Donnellan's internationalism cuts in all directions. He directed The Winter's Tale in Russian at the Maly Theatre, St. Petersburg – then toured the production to England (and Warwick) with surtitles. He directed Corneille's Le Cid at Avignon and Pushkin's Boris Godunov at the Moscow Arts Theatre. He brought Angels from America and has taken Shakespeare around the world.

That's all splendid, but as a Shakespearean, I celebrate even more Donnellan's achievement in transforming the way we see the playwright actors call "Billy Big Boy", on the English stage. Exposing Shakespeare to Donnellan has been rather like plunging him into a therapeutic bath of nitromorse – scouring off centuries of dead convention, inherited tradition and academic dogma, returning him to something like the "wooden-O". While, over the past two decades, other directors have been putting more and more stuff on stage, making Shakespeare all about production, Donnellan strips the stage to bare essentials, returning Shakespeare to his actors, making the play about actors working through speech, and letting spectators into the purest of theatrical pleasures, up close, watching actors, as role players, in-bodied, tell a cracking good story. Nobody who saw it will ever forget Cheek by Jowl's all male As You Like It, and the look Adrian Lester's Rosalind, disguised as Ganymede, gave Orlando when she called out to him in Arden and he turned – and took her for a boy!
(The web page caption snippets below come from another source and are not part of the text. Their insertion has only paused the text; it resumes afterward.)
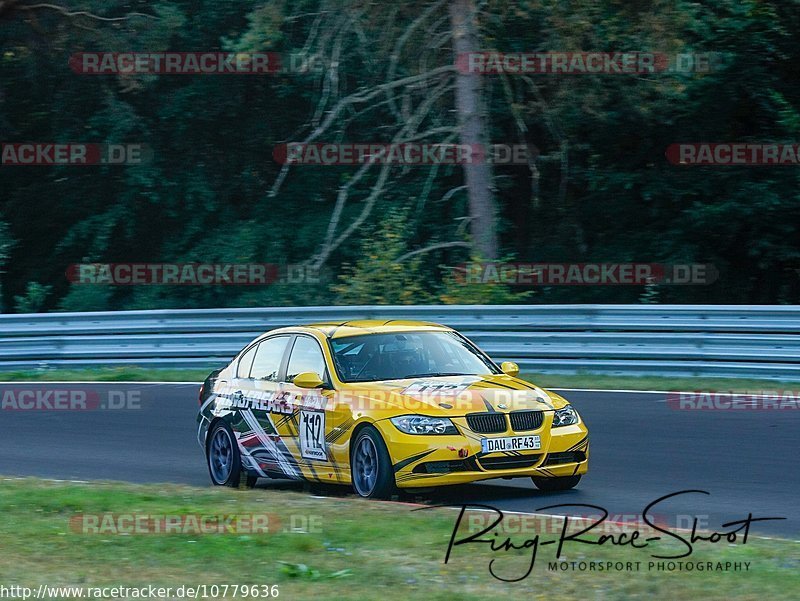 Bild #10779636 - Touristenfahrten Nürburgring Nordschleife (14.09.2020)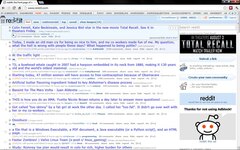 Reddit Enhancement Suite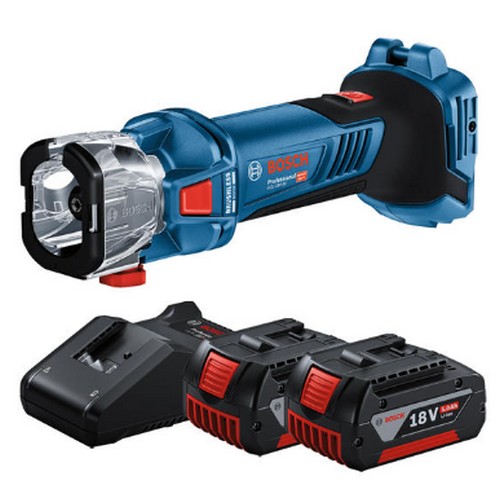 ���� GCU 18V-30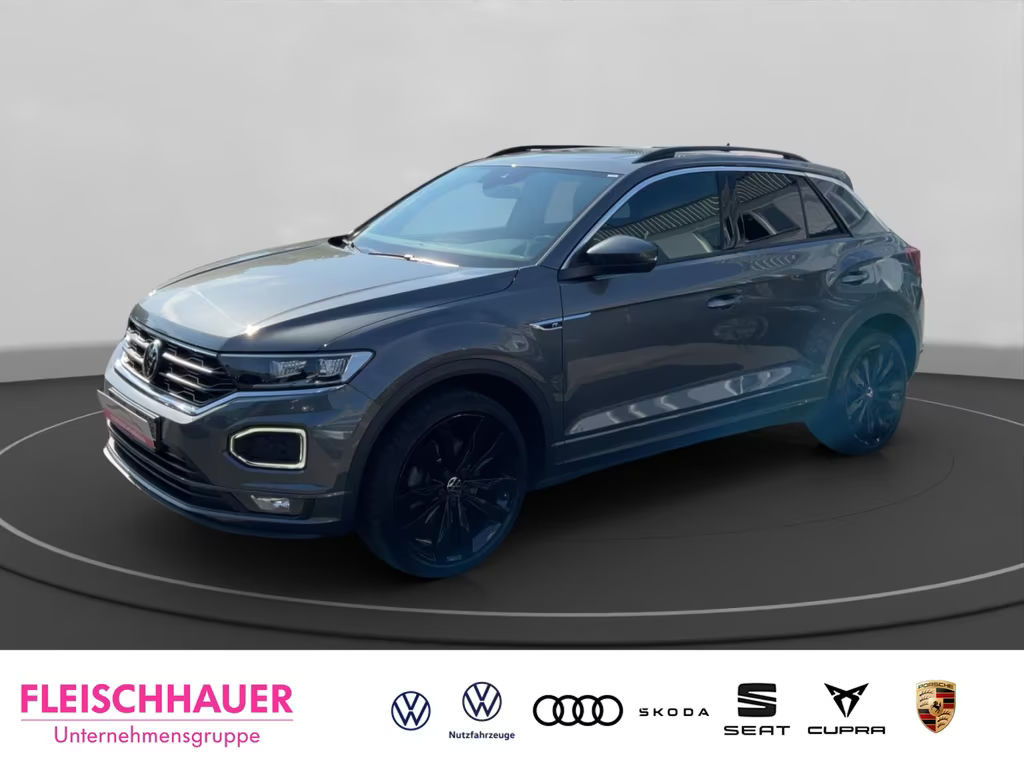Volkswagen T-Roc Sport 1.5 TSI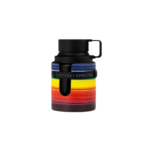Armaf Odyssey Spectra Rainbow Edition EDP, Unisex 3.4 oz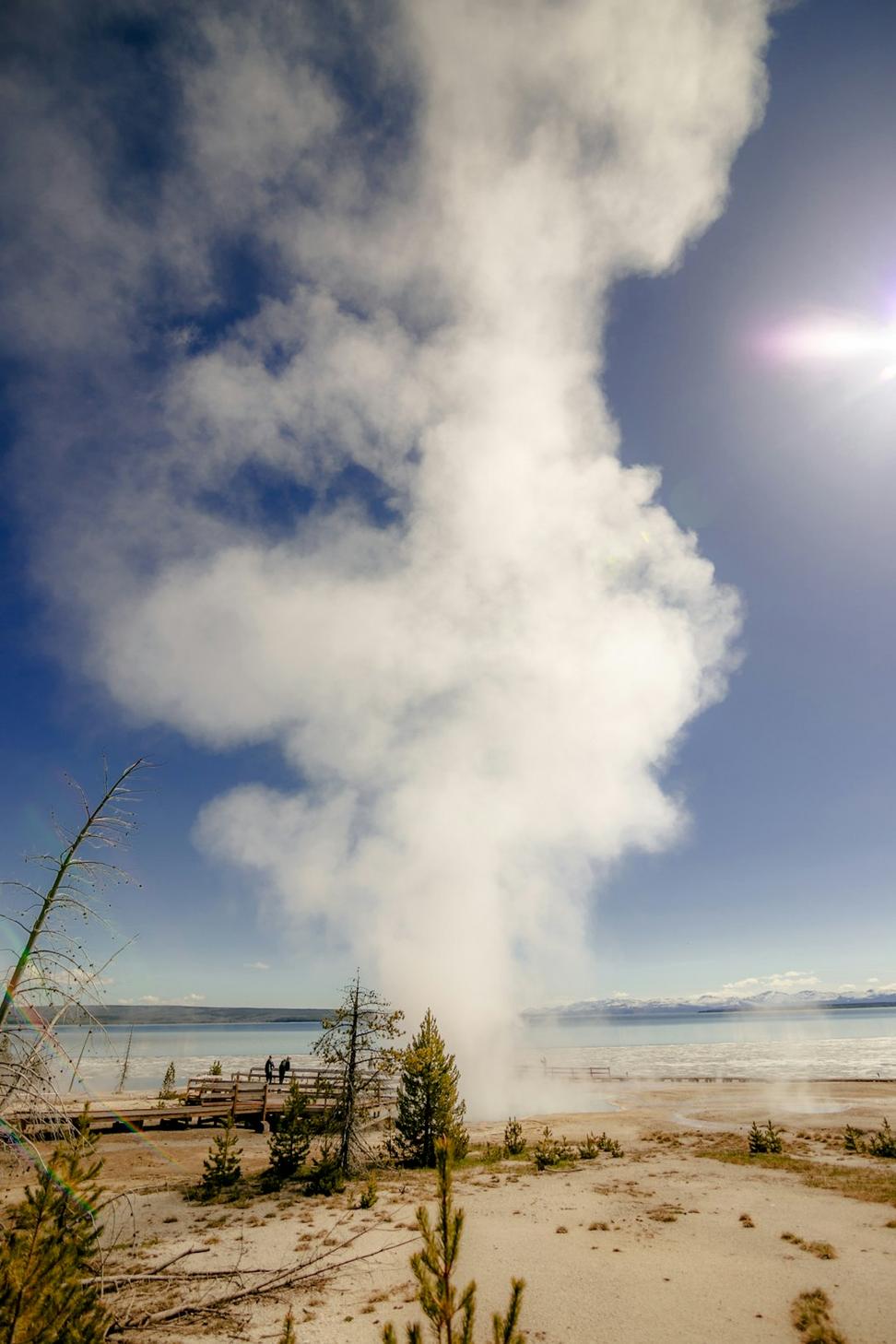 Geothermal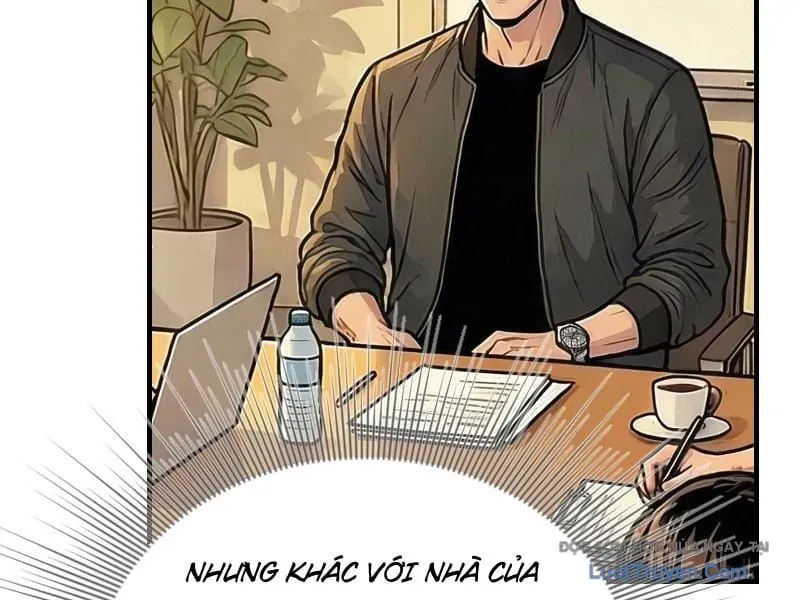 Vào Tù 10 Năm, Ai Còn Hăng Hái Làm Việc Nghĩa? Chap 30 - Next Chap 29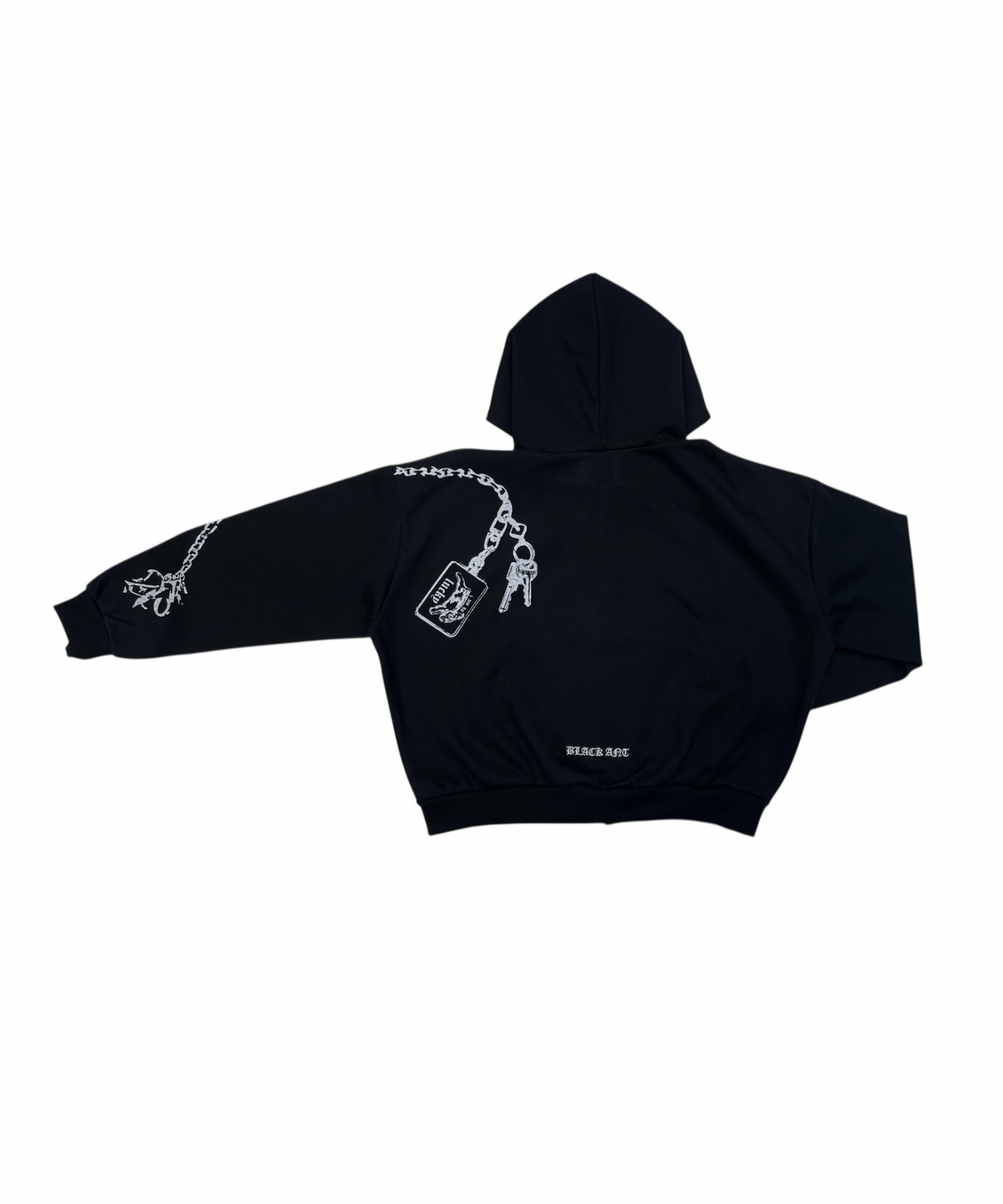 BAクロスセットアップ / BA Cross Set Up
And one more achievement for Shakespeare: while other companies were dithering about the politics of colour-blind casting, wondering whether in multi-racial Britain it was time "finally" to do something as radical as casting a black actor as Othello, Donnellan cut through all the nonsense, instituting fully integrated casting for all Shakespeare roles – the effect of which is not just to claim those parts for black and asian actors, but in multi-ethnic Britain, to claim Shakespeare for everybody. "The theatre is lies – complete lies". So says Declan Donnellan. But he also says, "theatrical lying is vitally important because it's through that that we can tell each other the truth". We want our lives "to be safe, so we go to the theatre to see something dangerous", to "investigate a fantasy", to "experiment with extremities". It is because Declan Donnellan leads us fearlessly across these territories, through these experiments that we honour him.

Mr. Vice-Chancellor, in the name of the Council, I present to you for admission to the degree of Doctor of Letters honoris causa, Declan Donnellan.